Unoffensive Manic Pixie Dream Girl has tainted my writer’s imagination for female characters. Thanks Hollywood.

Guy meets girl. Guy falls for girl. Girl falls for guy. Guy meets another girl.  The. Drama. Begins.

Who is the Guy character?  He’s a loser. What kind of a loser?  The kind that doesn’t commit to anything, but feels sorry for himself.  Who is this (first) Girl character? She’s smart, but dysfunctional and relationship-challenged.  What does she do about this jacked-up love triangle cliché?  Well, either she leaves and starts a “journey of self-discovery” along the lines of “Eat, Pray, Love” (orders deep dish, reads The Secret, gets groped by her OKCupid first date in his Ford Mustang). Or she becomes…what? The long suffering girlfriend/wife? The magical waif who changes him? Or the Psycho Hose Beast who we all pity.  Either she stays or she goes.  The play hasn’t even been written and I’m already falling asleep.

I, sadly, found that I cared more about the loser guy than the dysfunctional magical-waif would-be hose beast.

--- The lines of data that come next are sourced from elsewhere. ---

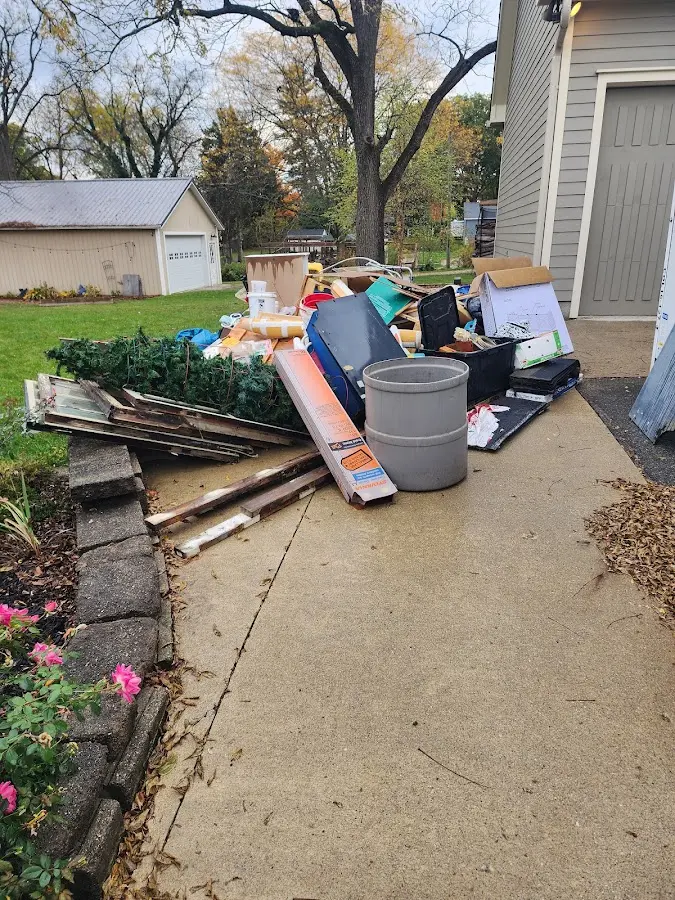 Dumpster being loaded with debris for Estate Cleanout Dumpster Rental in Mount Hope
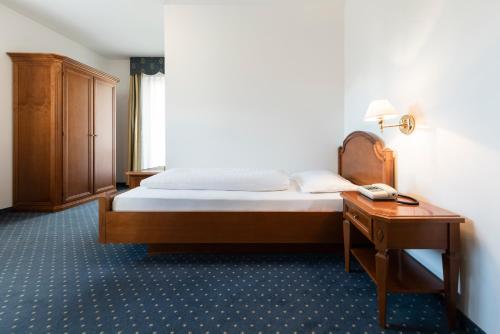 Posteľ alebo postele v izbe v ubytovaní Weingarten Terlan - Rooms & Breakfast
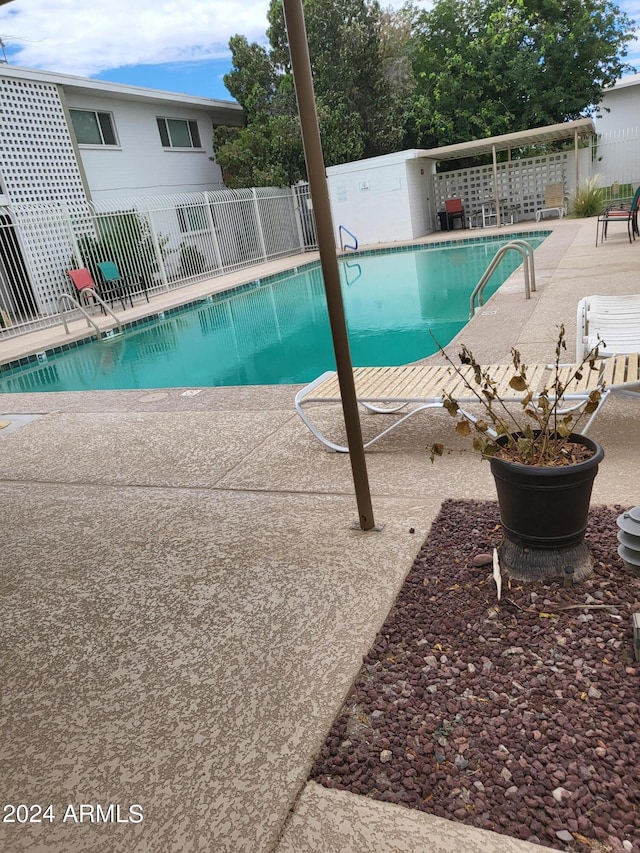 view of swimming pool with a patio area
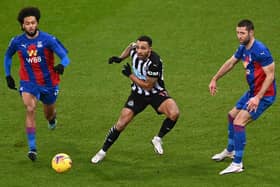 NEWCASTLE UPON TYNE, ENGLAND - FEBRUARY 02: Crystal Palace defender Gary Cahill (r) and Jairo Riedewald challenge Callum Wilson of Newcastle during the Premier League match between Newcastle United and Crystal Palace at St. James Park on February 02, 2021 in Newcastle upon Tyne, England.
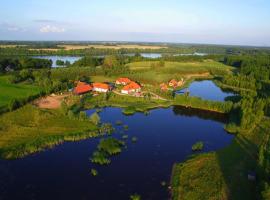 Siedlisko Konradówka, farm stay in Olecko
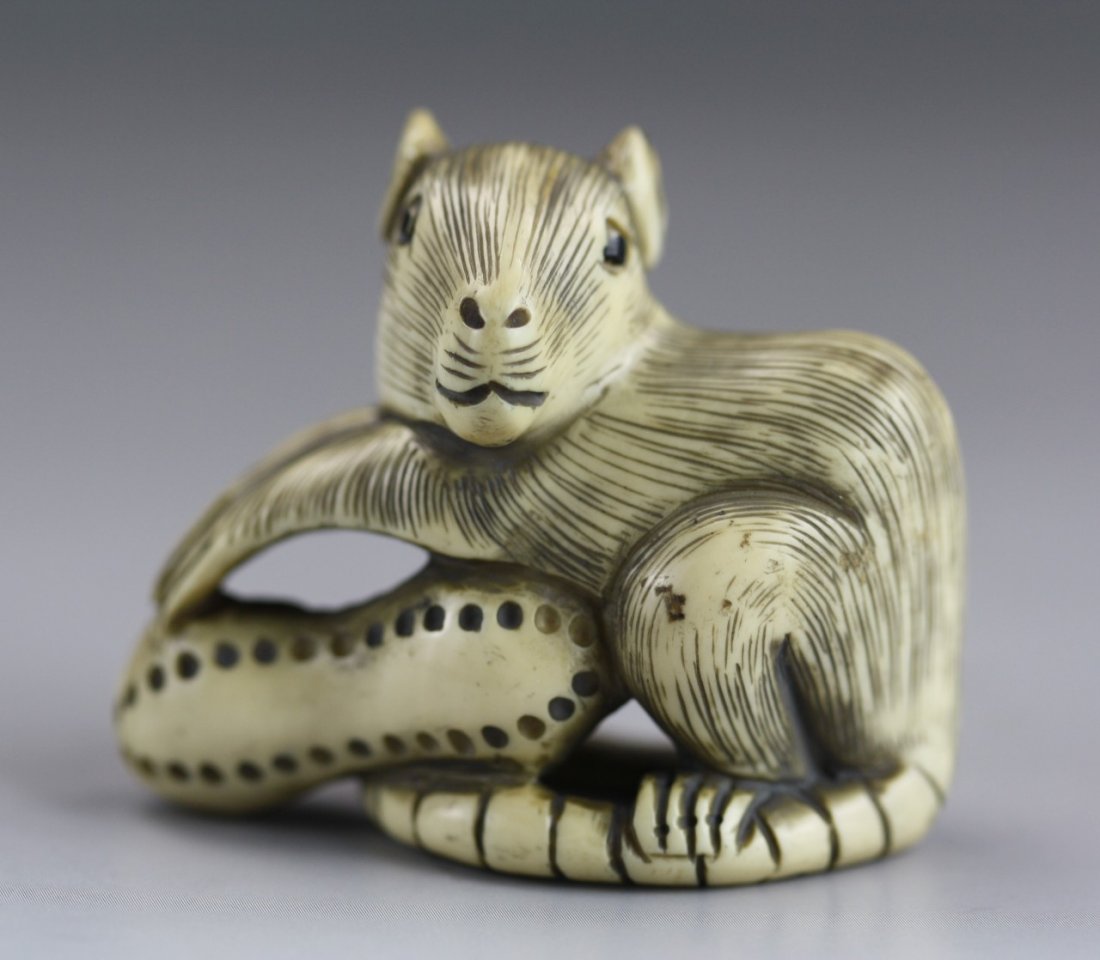 An Antique Ivory Netsuke: Mouse: An Antique Ivory Netsuke: A highly detailed mouse resting upon a nut, its tail is wrapped around, Signature located on its tail; Size: H: 1-5/8"; L: 1-3/4"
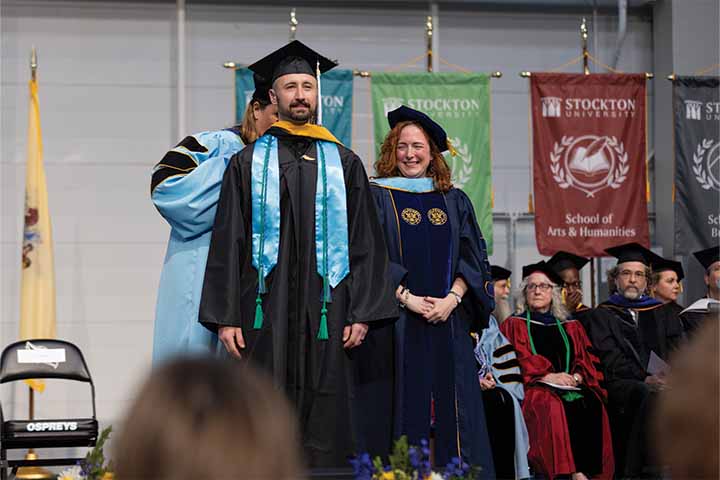 Jared Lombardi in graduation cap and gown receiving his master's hood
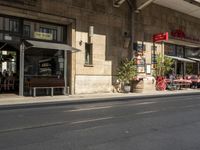 an old stone building next to a sidewalk with a traffic light in front of it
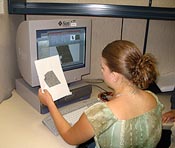 A student compares the graphic on a piece of paper to what is on her computer monitor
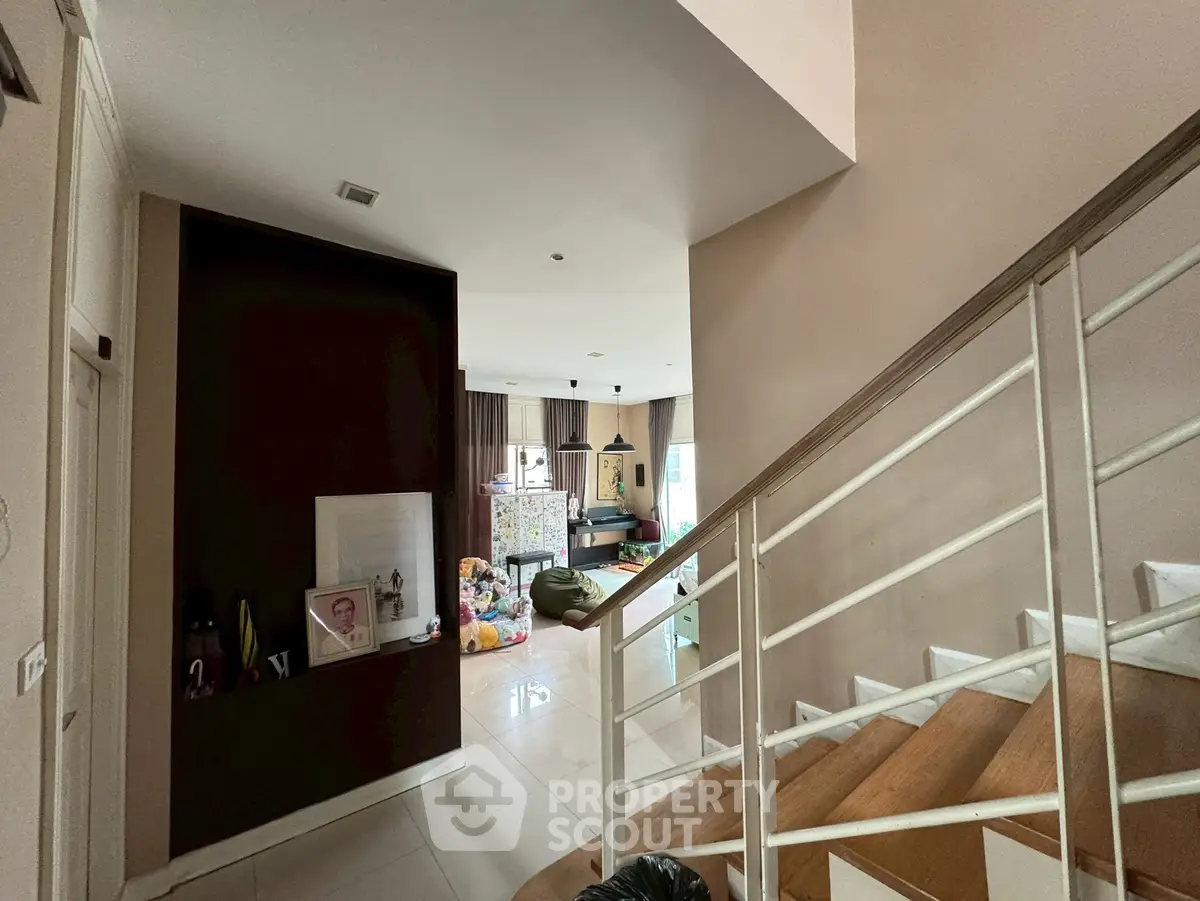 Spacious living area with modern staircase and natural light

A loser guy can redeem himself. A loser woman?  What is that? A victim? A trope. (noun, trope; a figurative or metaphorical use of a word or expression…I was an English major and still not sure what it means.)  The girl becomes a thing, an idea, something we roll our eyes at.  I could make her into a righteous feminist, then we’re getting closer to Solange territory and now I’m even more bored.   Or I could make her ambitious and unfeeling, getting into Lady MacBeth evil woman territory, and now it’s a Hollywood premise.   Female characters are often anything but multidimensional. We are queens, dark angels, fairies, or pure physical matter, we consistently live at the edge of the emotional spectrum.  We are anything but complex.

I got tired of banging my head on the walls of my media-drenched brain, drove to Yogurtland, and asked myself “Am I really just bumping up against my own internalized misogyny.”

It’s not (entirely) my fault.  It’s not like my brain is exempt from a life-long bombardment of misogynist thoughts, images and attitudes that reduce women to talking points in a conversation a male dominated culture has with itself: Cruella De Vil, Daisy Buchanan, Blanche Dubois, Ophelia, Juliette, Psycho Hose Beast, or the latest, Manic Pixie Dream Girl…..fantasies, victims, bitches and psych ward candidates.  The Western literary Canon of male characters is overflowing with complicated, nuanced, loserish or evil-ish characters, from Falstaff to Lebowski to Lecter Hannibal. Even sociopaths get cool guy pass, because they are so smart.  Want to write a male character and not have to worry if he is sympathetic or not?  The world is your oyster.

Like corn syrup and gluten, misogyny leaks into most every aspect of gestation when it comes to culture, media and art.

I do think that Black Women writer’s have done the most to bring women to a place much closer to an experience not defined by the male oeuvre. (oeuvre; noun; the works of a painter, composer, or author regarded collectively…I don’t think I’m using it right).  I can’t trace “Beloved” to anything a man wrote.  “Their Eyes Were Watching God” and “The Great Gatsby” were my favorite books in college but could not have a more different approach on the topic of the female search for love.  Janie is a woman who “with her finger on the trigger of her own destiny, while Daisy cries about shirts and Myrtle turns into road kill.  (I have since re-vamped my entire perspective on “The Great Gatsby”).

In short, my imagination has been tainted, yes maybe even raped, when it comes to creating full-spectrum Good And Evil dark, likable and annoying, female characters…

Regardless of what I churn out, I now know that I need to put it through the litmus test of Hollywood Taint.  And that is sad.